Hume AI open-sourced TADA (Text-Acoustic Dual Alignment) on March 10 — a text-to-speech model built around a simple but consequential architectural choice: align every audio frame to exactly one text token.

The Core Problem With Current TTS

In most LLM-based TTS systems, audio tokens vastly outnumber text tokens. One second of audio can require 12–75 audio frames but only 2–3 text tokens, forcing the model to juggle mismatched sequence lengths. That mismatch causes slow inference, bloated context windows, and a tendency to hallucinate — inserting, skipping, or garbling words.
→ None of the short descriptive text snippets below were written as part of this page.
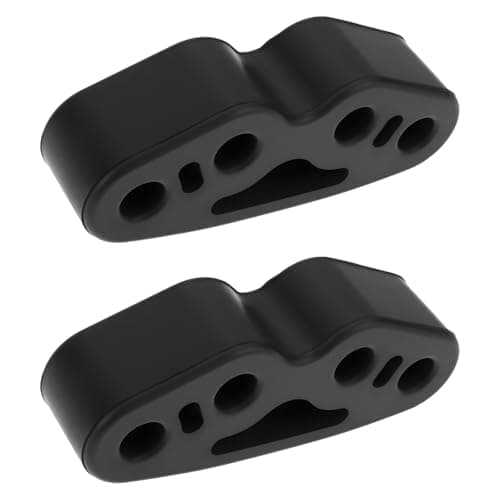 Image of ECSiNG 2Pcs Exhaust Rubber Bracket 46416588 7718578 Compatible with Fiat Punto 188 1.2 16V 1.3 JTD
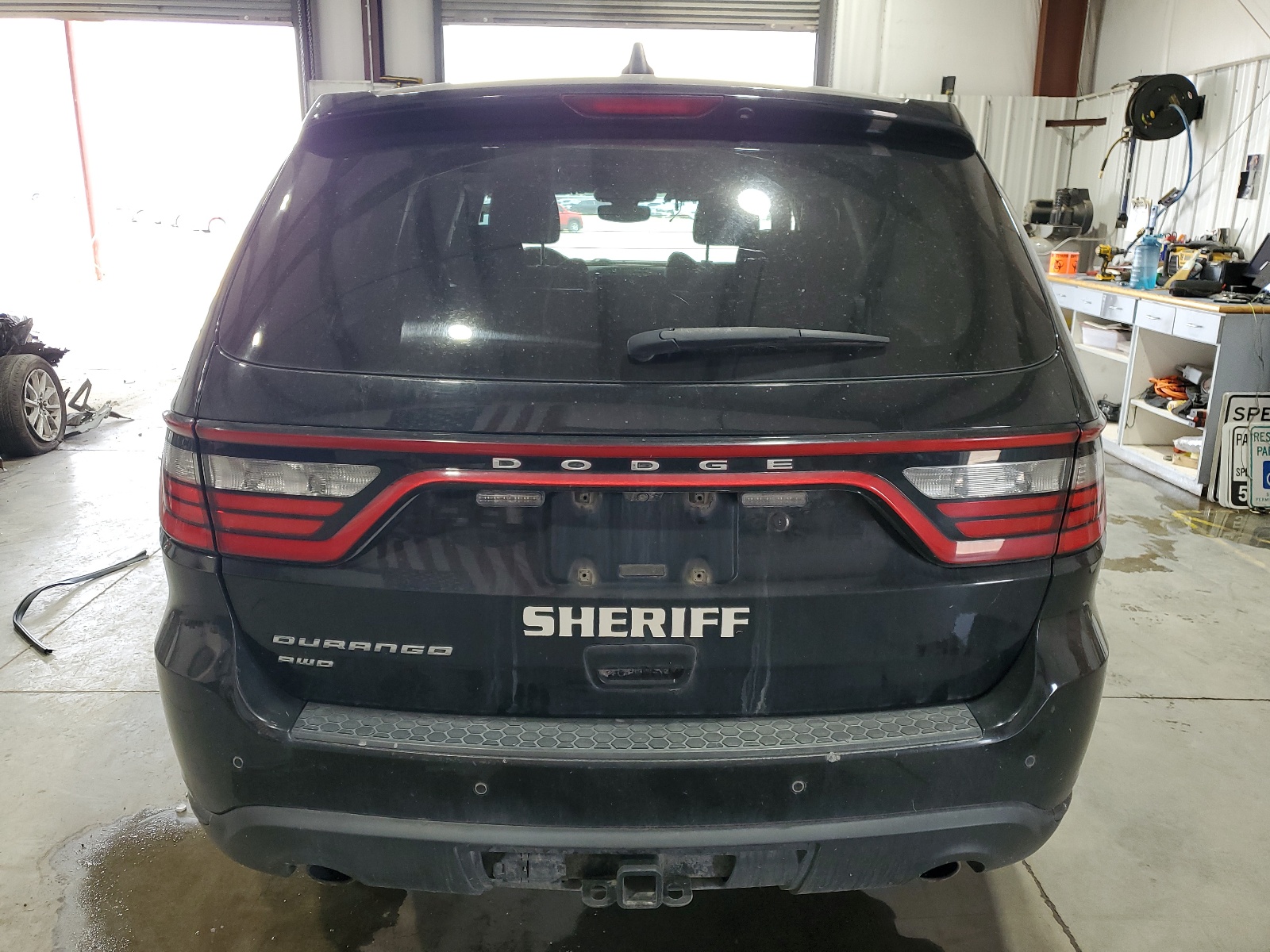 1C4SDJFT8HC623171 2017 Dodge Durango Ssv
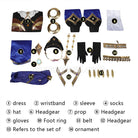 Genshin Impact Layla Cosplay Costumes coscarnival01112025
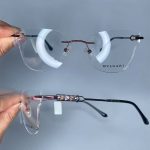 عینک بدون فریم گربه ای زنانه 0769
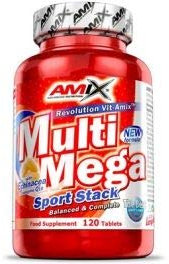 AMIX Multi Mega-Stack - 120 Capsulas
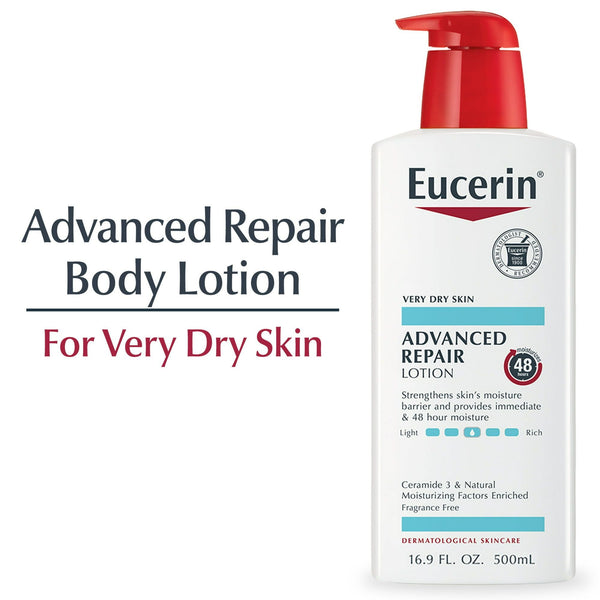 Eucerin Advanced Repair Body Lotion, 16.9 fl oz EasyOptionXY LLC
TADA eliminates the mismatch entirely. Its tokenization schema produces a single synchronized stream where one LLM step generates exactly one text token and one audio frame. A flow-matching decoder converts the model's output into the actual audio signal.

What That Buys You

The results are concrete. TADA achieves a real-time factor of 0.09, generating speech more than 5x faster than comparable systems. In testing on over 1,000 samples from LibriTTS-R, it produced zero hallucinations — no skipped content, no inserted words, no garbled speech.

Context efficiency is also notably better. Conventional TTS systems hit their 2,048-token context ceiling at around 70 seconds of audio. TADA fits roughly 700 seconds in the same budget.

In human evaluation on the EARS dataset, TADA scored 4.18 out of 5.0 for speaker similarity and 3.78 for naturalness — second overall, ahead of models trained on substantially larger datasets.

Available Now

Code and pre-trained weights are available under an open-source license. Both English and multilingual models are included. The model is lightweight enough for on-device deployment on phones and edge hardware, with no cloud dependency required.